OSDFace / README.md

Create README.md

eb21619 verified 8 days ago

6.89 kB

	---
	tags:
	- face-restoration
	- diffusion
	- one-step
	- stable-diffusion
	- lora
	- image-to-image
	base_model: stabilityai/stable-diffusion-2-1-base
	pipeline_tag: image-to-image
	---

	# OSDFace — Pretrained Weights (Mirror)


	![github.com_jkwang28_OSDFace_](https://cdn-uploads.huggingface.co/production/uploads/6557b9b4deee83130ac92941/Qs7aOIkhOyghdH8Bdt5wF.png)

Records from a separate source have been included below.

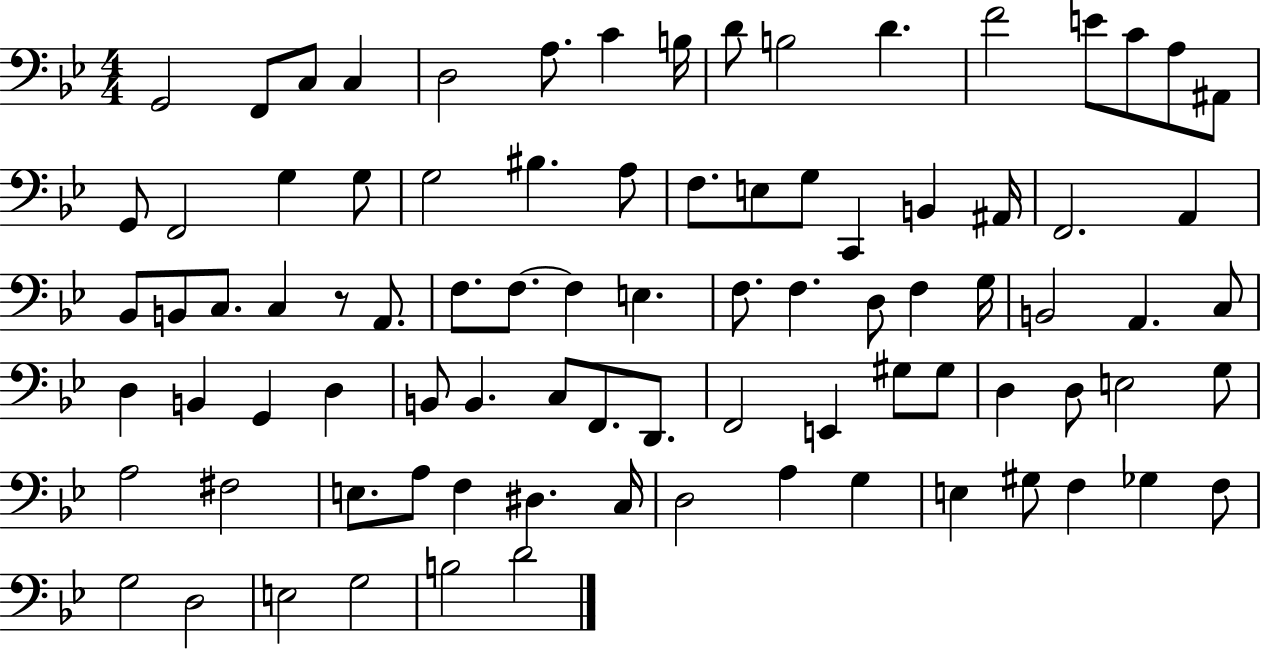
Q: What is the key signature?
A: BES major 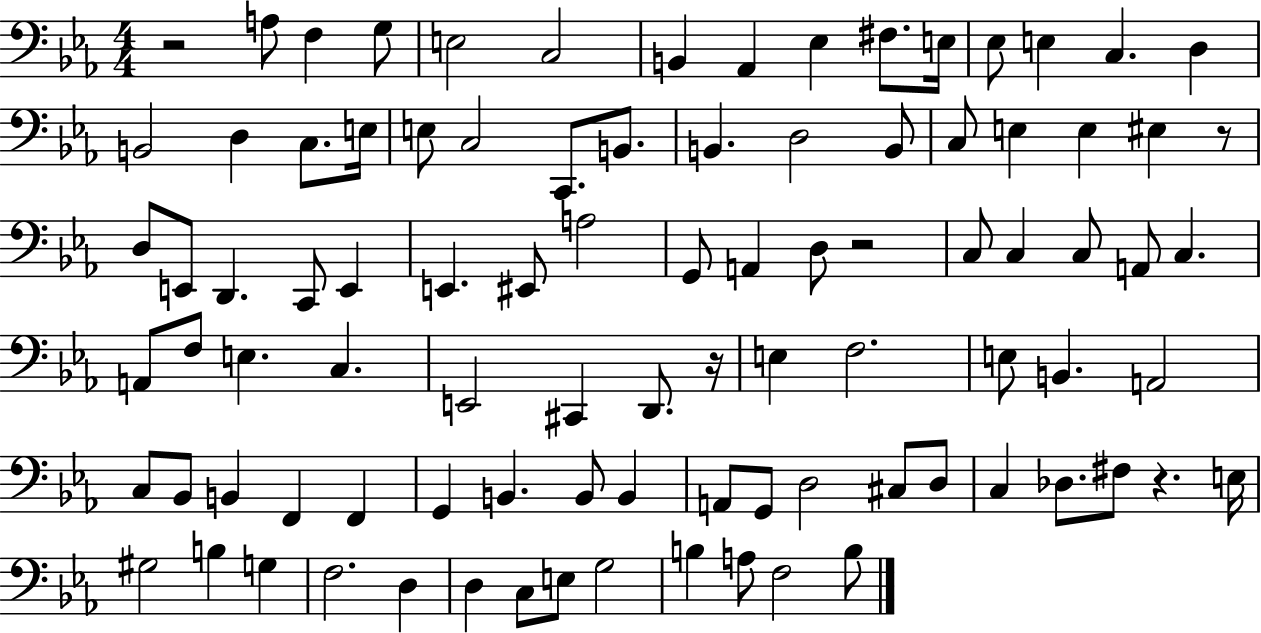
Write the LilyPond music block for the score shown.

{
  \clef bass
  \numericTimeSignature
  \time 4/4
  \key ees \major
  r2 a8 f4 g8 | e2 c2 | b,4 aes,4 ees4 fis8. e16 | ees8 e4 c4. d4 | \break b,2 d4 c8. e16 | e8 c2 c,8. b,8. | b,4. d2 b,8 | c8 e4 e4 eis4 r8 | \break d8 e,8 d,4. c,8 e,4 | e,4. eis,8 a2 | g,8 a,4 d8 r2 | c8 c4 c8 a,8 c4. | \break a,8 f8 e4. c4. | e,2 cis,4 d,8. r16 | e4 f2. | e8 b,4. a,2 | \break c8 bes,8 b,4 f,4 f,4 | g,4 b,4. b,8 b,4 | a,8 g,8 d2 cis8 d8 | c4 des8. fis8 r4. e16 | \break gis2 b4 g4 | f2. d4 | d4 c8 e8 g2 | b4 a8 f2 b8 | \break \bar "|."
} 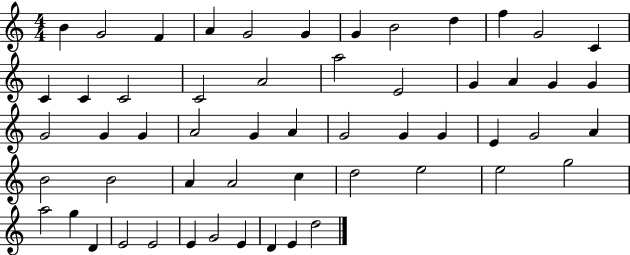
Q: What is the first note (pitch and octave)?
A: B4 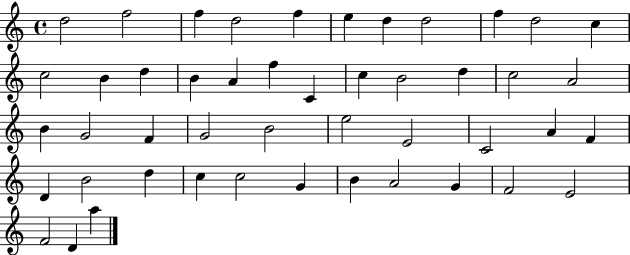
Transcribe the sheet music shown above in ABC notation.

X:1
T:Untitled
M:4/4
L:1/4
K:C
d2 f2 f d2 f e d d2 f d2 c c2 B d B A f C c B2 d c2 A2 B G2 F G2 B2 e2 E2 C2 A F D B2 d c c2 G B A2 G F2 E2 F2 D a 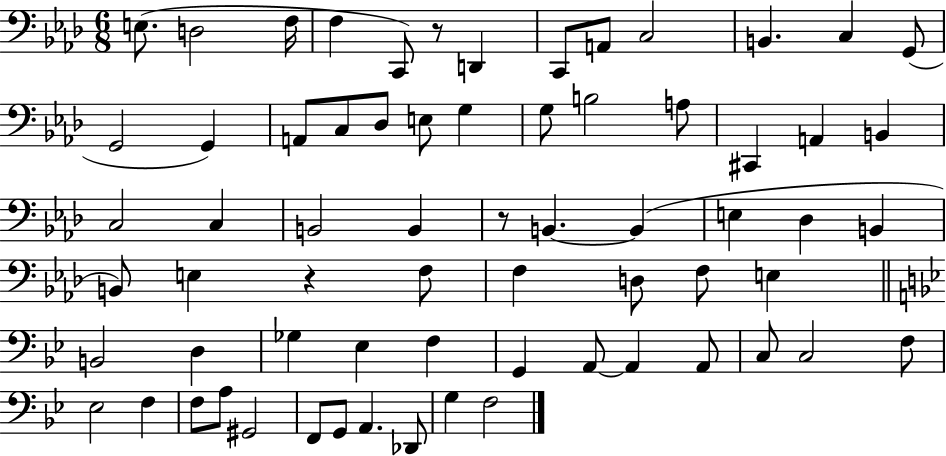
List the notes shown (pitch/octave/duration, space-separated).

E3/e. D3/h F3/s F3/q C2/e R/e D2/q C2/e A2/e C3/h B2/q. C3/q G2/e G2/h G2/q A2/e C3/e Db3/e E3/e G3/q G3/e B3/h A3/e C#2/q A2/q B2/q C3/h C3/q B2/h B2/q R/e B2/q. B2/q E3/q Db3/q B2/q B2/e E3/q R/q F3/e F3/q D3/e F3/e E3/q B2/h D3/q Gb3/q Eb3/q F3/q G2/q A2/e A2/q A2/e C3/e C3/h F3/e Eb3/h F3/q F3/e A3/e G#2/h F2/e G2/e A2/q. Db2/e G3/q F3/h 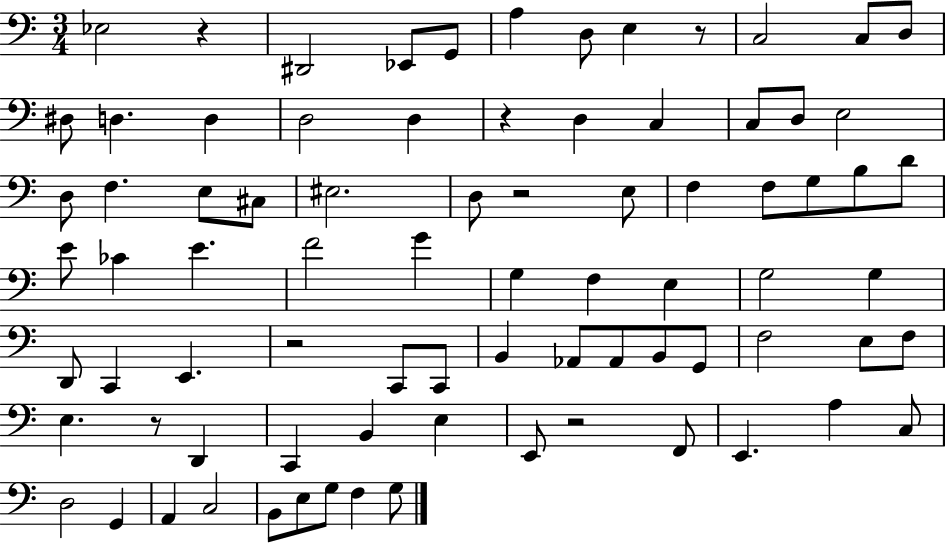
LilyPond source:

{
  \clef bass
  \numericTimeSignature
  \time 3/4
  \key c \major
  ees2 r4 | dis,2 ees,8 g,8 | a4 d8 e4 r8 | c2 c8 d8 | \break dis8 d4. d4 | d2 d4 | r4 d4 c4 | c8 d8 e2 | \break d8 f4. e8 cis8 | eis2. | d8 r2 e8 | f4 f8 g8 b8 d'8 | \break e'8 ces'4 e'4. | f'2 g'4 | g4 f4 e4 | g2 g4 | \break d,8 c,4 e,4. | r2 c,8 c,8 | b,4 aes,8 aes,8 b,8 g,8 | f2 e8 f8 | \break e4. r8 d,4 | c,4 b,4 e4 | e,8 r2 f,8 | e,4. a4 c8 | \break d2 g,4 | a,4 c2 | b,8 e8 g8 f4 g8 | \bar "|."
} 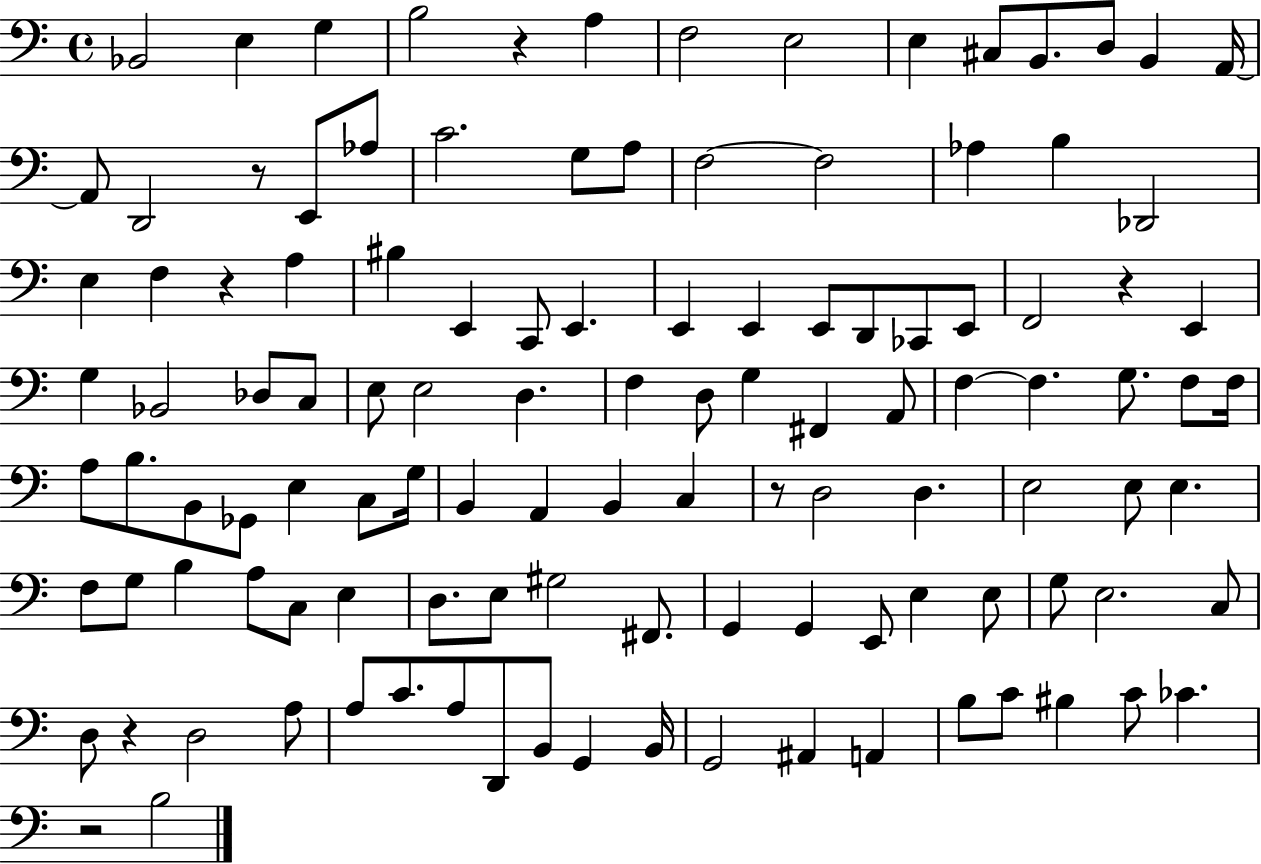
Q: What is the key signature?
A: C major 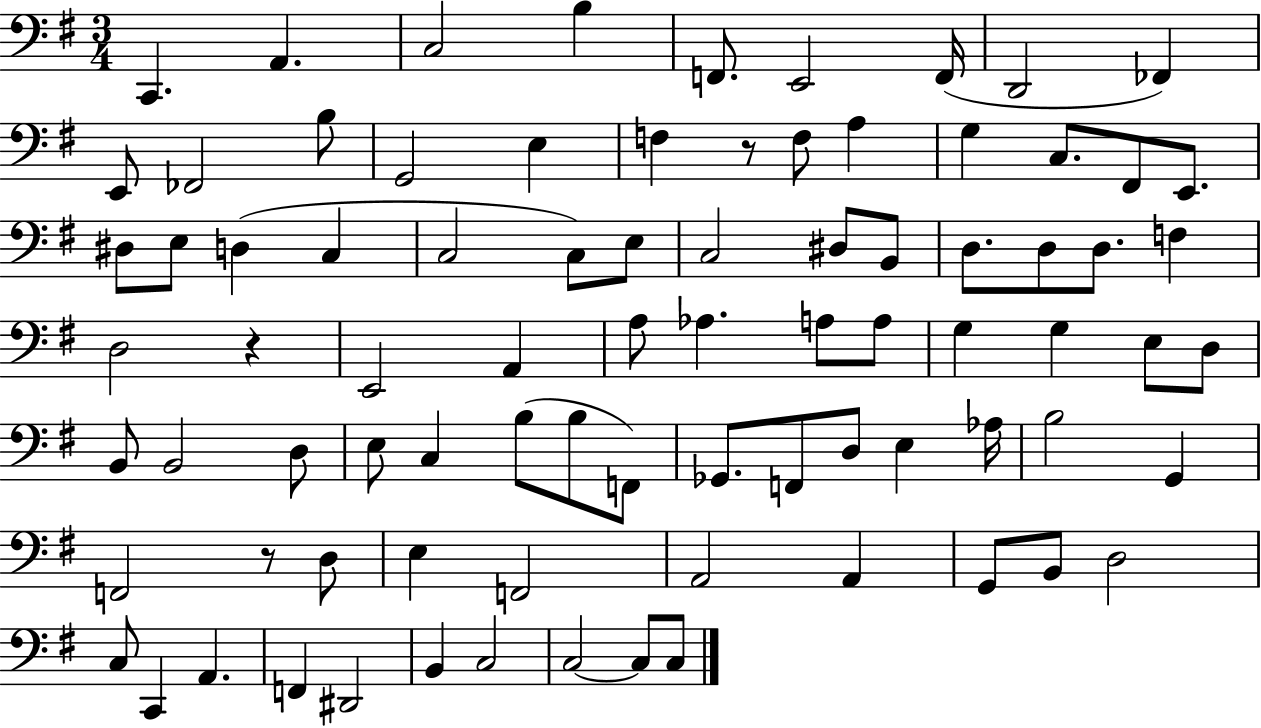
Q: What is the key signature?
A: G major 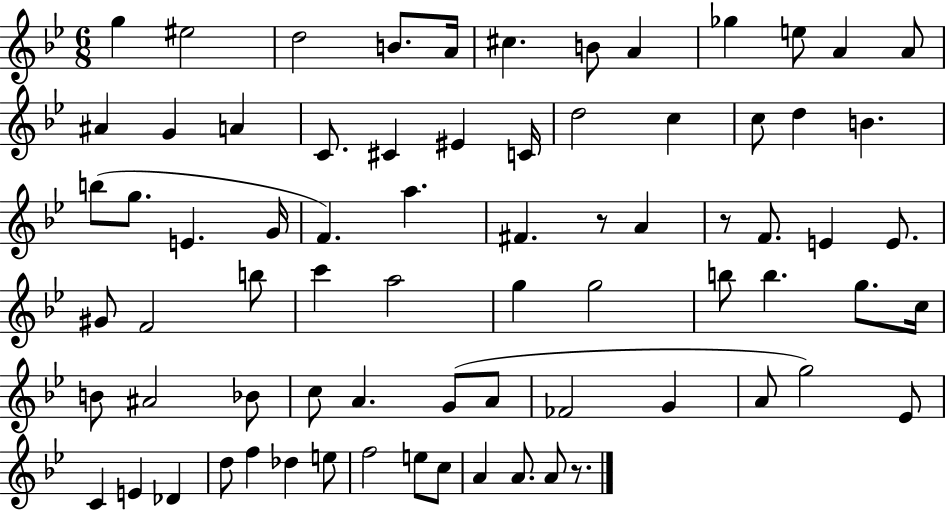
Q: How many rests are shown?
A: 3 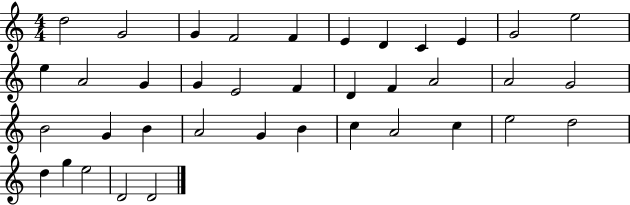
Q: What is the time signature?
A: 4/4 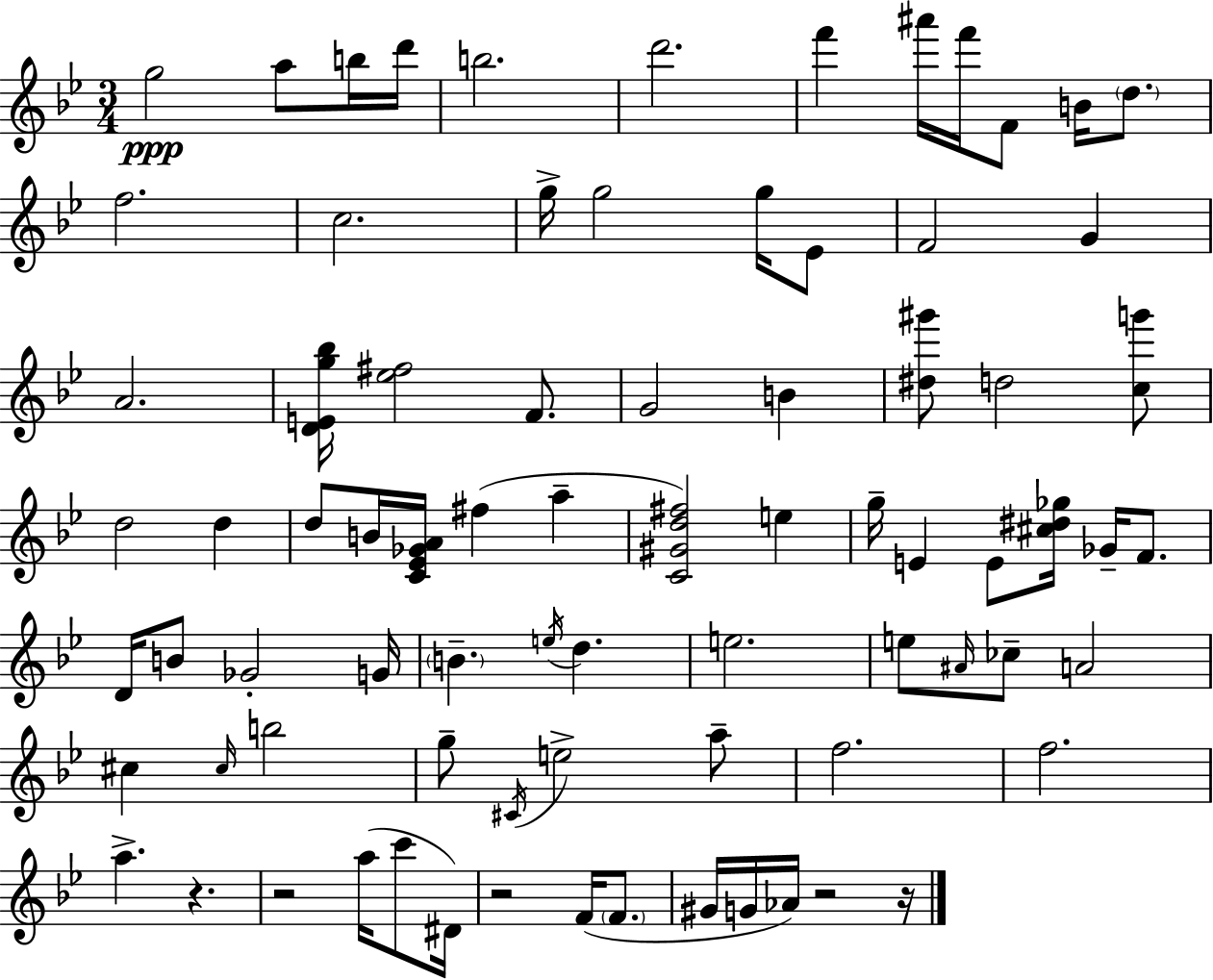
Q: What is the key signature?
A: G minor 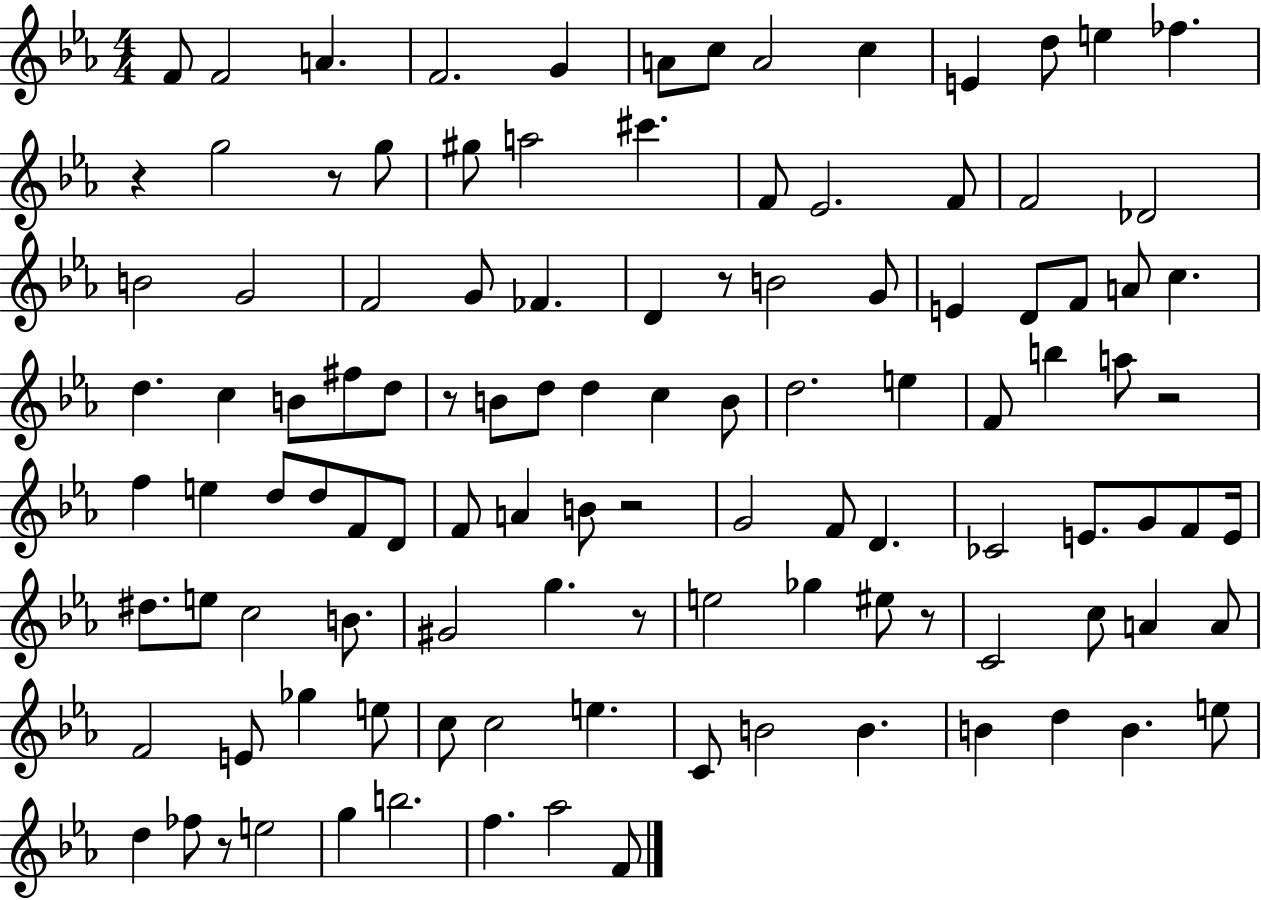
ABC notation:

X:1
T:Untitled
M:4/4
L:1/4
K:Eb
F/2 F2 A F2 G A/2 c/2 A2 c E d/2 e _f z g2 z/2 g/2 ^g/2 a2 ^c' F/2 _E2 F/2 F2 _D2 B2 G2 F2 G/2 _F D z/2 B2 G/2 E D/2 F/2 A/2 c d c B/2 ^f/2 d/2 z/2 B/2 d/2 d c B/2 d2 e F/2 b a/2 z2 f e d/2 d/2 F/2 D/2 F/2 A B/2 z2 G2 F/2 D _C2 E/2 G/2 F/2 E/4 ^d/2 e/2 c2 B/2 ^G2 g z/2 e2 _g ^e/2 z/2 C2 c/2 A A/2 F2 E/2 _g e/2 c/2 c2 e C/2 B2 B B d B e/2 d _f/2 z/2 e2 g b2 f _a2 F/2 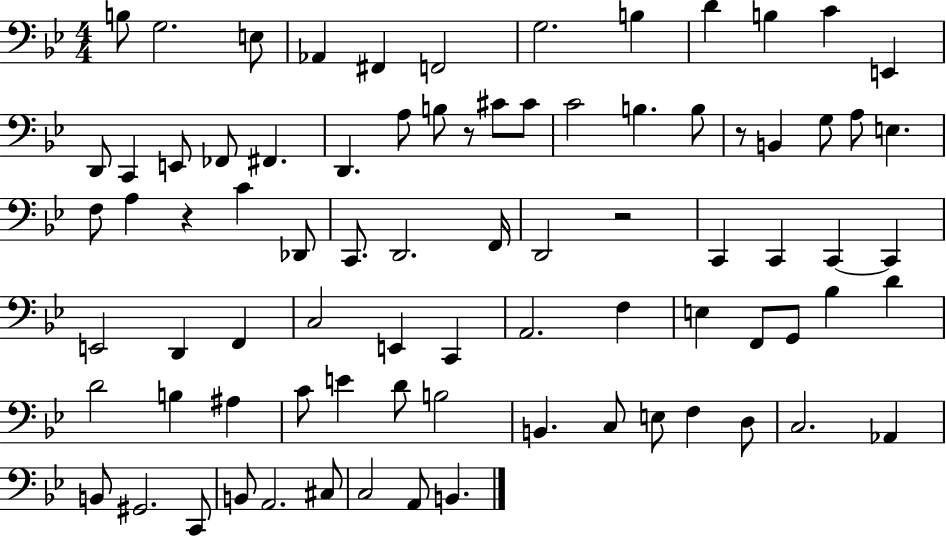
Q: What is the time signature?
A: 4/4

	> This is an unofficial mirror.
	> All credit goes to the original authors. The weights are mirrored here from the [official OSDFace repository](https://github.com/jkwang28/OSDFace) for convenience, as the original download is hosted on OneDrive/Google Drive which can be slow or inaccessible in some regions.
	> Please cite the original paper and star the original repo if you use these weights.

	## Overview

	OSDFace (One-Step Diffusion Model for Face Restoration) is a single-step diffusion model that restores degraded, low-quality face images into high-fidelity, identity-consistent outputs. It was accepted at CVPR 2025.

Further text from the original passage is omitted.